Abstract:
The non-contact deception detection technology has a lot of significant applications in some areas such as judicial. In order to improve the accuracy of deception detection model, this paper proposes a multi-modal fusion based deception detection model, by which we can effectively complete the deception detection evaluation task by only processing the video and audio signals of the deception detector during speaking. The heart rate may reflect the emotional changes of the liar. We extract the feature of heart rate via the photo-plethysmography method and the fully connected network and extract the video and text features through 3D-convolutional neural networks and Word2Vec+CNN. All of these extracted features are merged. And then, we use the linear support vector machines to classify the fused features. The simulation experiments are carried out on the open source real-life trial dataset. Compared with the latest MLP
H+C multi-modal model, the proposed deception detection model can increase the accuracy by 2.74%—23% in the three-mode.

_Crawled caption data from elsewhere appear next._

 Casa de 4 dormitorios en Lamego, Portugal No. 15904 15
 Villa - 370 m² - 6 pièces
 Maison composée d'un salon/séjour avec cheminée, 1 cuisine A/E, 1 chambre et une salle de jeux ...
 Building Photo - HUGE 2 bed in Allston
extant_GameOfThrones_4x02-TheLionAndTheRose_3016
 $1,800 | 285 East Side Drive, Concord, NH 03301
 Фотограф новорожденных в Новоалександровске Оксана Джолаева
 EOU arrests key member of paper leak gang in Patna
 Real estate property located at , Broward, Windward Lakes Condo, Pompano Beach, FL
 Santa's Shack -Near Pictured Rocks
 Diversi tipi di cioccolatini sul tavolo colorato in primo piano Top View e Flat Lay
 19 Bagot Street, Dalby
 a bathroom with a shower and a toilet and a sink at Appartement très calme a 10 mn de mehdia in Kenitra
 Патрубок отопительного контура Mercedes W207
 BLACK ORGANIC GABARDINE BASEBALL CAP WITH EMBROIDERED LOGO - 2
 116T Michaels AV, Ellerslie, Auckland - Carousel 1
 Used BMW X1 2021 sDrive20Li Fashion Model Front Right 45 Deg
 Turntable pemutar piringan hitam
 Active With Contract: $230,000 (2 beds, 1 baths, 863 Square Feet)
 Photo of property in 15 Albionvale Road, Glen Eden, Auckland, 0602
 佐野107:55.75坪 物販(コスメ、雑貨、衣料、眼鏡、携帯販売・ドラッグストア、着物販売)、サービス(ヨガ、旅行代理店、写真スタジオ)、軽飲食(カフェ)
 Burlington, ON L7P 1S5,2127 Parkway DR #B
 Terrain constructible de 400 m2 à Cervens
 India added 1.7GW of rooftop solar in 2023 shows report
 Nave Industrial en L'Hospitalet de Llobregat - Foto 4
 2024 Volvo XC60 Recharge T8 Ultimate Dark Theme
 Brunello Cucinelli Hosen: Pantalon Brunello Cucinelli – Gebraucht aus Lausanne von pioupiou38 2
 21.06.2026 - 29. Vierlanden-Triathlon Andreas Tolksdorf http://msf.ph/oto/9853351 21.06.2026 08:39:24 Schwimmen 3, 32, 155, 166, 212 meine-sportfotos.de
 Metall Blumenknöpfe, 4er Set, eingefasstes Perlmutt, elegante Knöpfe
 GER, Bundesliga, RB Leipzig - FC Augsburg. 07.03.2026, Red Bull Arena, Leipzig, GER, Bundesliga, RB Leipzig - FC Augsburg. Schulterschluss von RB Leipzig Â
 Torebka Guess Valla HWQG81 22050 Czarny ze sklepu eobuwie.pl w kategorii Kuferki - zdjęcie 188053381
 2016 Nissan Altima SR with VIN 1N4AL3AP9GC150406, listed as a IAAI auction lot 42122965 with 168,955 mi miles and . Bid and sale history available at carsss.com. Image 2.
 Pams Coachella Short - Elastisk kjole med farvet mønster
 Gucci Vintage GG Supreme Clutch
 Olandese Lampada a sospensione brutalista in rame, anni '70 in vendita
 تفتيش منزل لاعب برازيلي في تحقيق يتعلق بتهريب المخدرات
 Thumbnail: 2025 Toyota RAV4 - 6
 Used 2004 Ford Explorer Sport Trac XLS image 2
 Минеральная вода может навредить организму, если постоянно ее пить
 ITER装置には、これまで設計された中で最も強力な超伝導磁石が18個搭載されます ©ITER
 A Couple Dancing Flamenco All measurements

In order to evaluate whether the combination of different modal features could improve the performance of the deception detection model, we use the combination of features of each modality to conduct experiments. The accuracy of each category combination is over 70% and the accuracy of the combination of text and heart rate features is 96.89%. Especially, the combination of text, video and heart rate can obtain the highest accuracy, 98.88%, and the AUC values, 0.9883. The accuracy of three-mode prediction is better than the single-mode and dual-mode. The experimental results show that the proposed multi-modal model can effectively improve the correct rate of deception detection.